First, I want to say that top-down design really is necessary. You must be able to design say an automobile by starting with the overall idea of the automobile itself. The invention of the automobile evolved from the wheel up, but the design starts from the finished idea and branches down into individual details. Invention evolves and can be chaotic, but design is a very organized endeavor, and must proceed from the general to the specific.
Your CAD system has to be able to handle this sort of design philosophy. The software has to have a way to allow you to start with a general idea, and make it more and more detailed. In the last post, though, it’s clear that many users have a hard time making the currently popular history-based modeler perform this task the way it is billed to fill it when working a design project from the top down.
We need to agree first that this is a real problem. My years as a CAD implementation consultant convinced me that at the very least, getting in-context methods to work correctly in a history-only modeler is tricky. You have to filter all of your ideas through the in-context filter before you go ahead and do it, because if you do something wrong, like use “undo” in an in-context place where it doesn’t work, or use configurations (family of parts/assemblies), or assembly features, or renaming, or even using a different instance (occurrence) of a particular part or subassembly, you could mess up the whole thing. And this kind of information can only be stored in the short term memories of the people doing the modeling work. There is no way to document this kind of knowledge. This is why people remove all of that intelligence at the end of the project. The next time someone gets around to working on this assembly, they aren’t going to remember all of the secret information that you need to know to make the design intent in this particular design work the way it was intended.
I realize it sounds stupid, but it’s true.
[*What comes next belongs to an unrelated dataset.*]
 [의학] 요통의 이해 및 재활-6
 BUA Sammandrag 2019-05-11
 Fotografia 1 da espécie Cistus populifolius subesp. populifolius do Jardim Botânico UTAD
The most popular CAD software relies 100% on the users memory for the effective use of in-context design
So your design intent is only good for as long as you can remember it, unaided. Does that sound right? You pay thousands or tens of thousands for sophisticated CAD software, and you still have to rely on your memory??? Yeah, I realize it sounds stupid, but it’s true. The most popular CAD software, top-down design relies entirely on the users memory.
Realize as well, that not only does it rely on your memory, but it also only allows you to do things one way. Once you have set up the assembly to change in a specific way to changes, what happens when you need to make a change that doesn’t fit that method? Well, I’ve been there a lot. It’s painful. You have to make a decision. You either have to do a giant workaround to get the non-compliant change to work, or you change the way your assembly reacts to change, which is essentially like rewriting a program when you change what you want the program to do. Or you can nix the design automation altogether, and just make all changes manually. And doesn’t that sound fun?
But there’s another way of working. Imagine that software existed that would allow you to make changes in the assembly and would allow you to make up your mind at the time of the change what sorts of relationships you wanted to use. And then those relationships were immediately forgotten, and you could make another contradictory change involving different relationships without the need to break, delete, or ignore anything you did in the first change.
This software has been around for several years at this point, and it’s a name you know. For some reason, we’ve been keeping some of the more exciting functions of the software our own little secret: Synchronous Technology allows us to work with Synchronous Assemblies, which in turn brings some of the excitement of flexible design intent to in-context assemblies. It is far simpler than managing those “->” relationships and features, or those hidden links in the assembly document, or all of those inscrutable rules that you have to have an expert explain to you about feature order, and assembly features, and time-driven stuff versus things that aren’t time-driven in the assembly…. aaaarrrrggggghhhh!!!!!!!!!!!!!!!!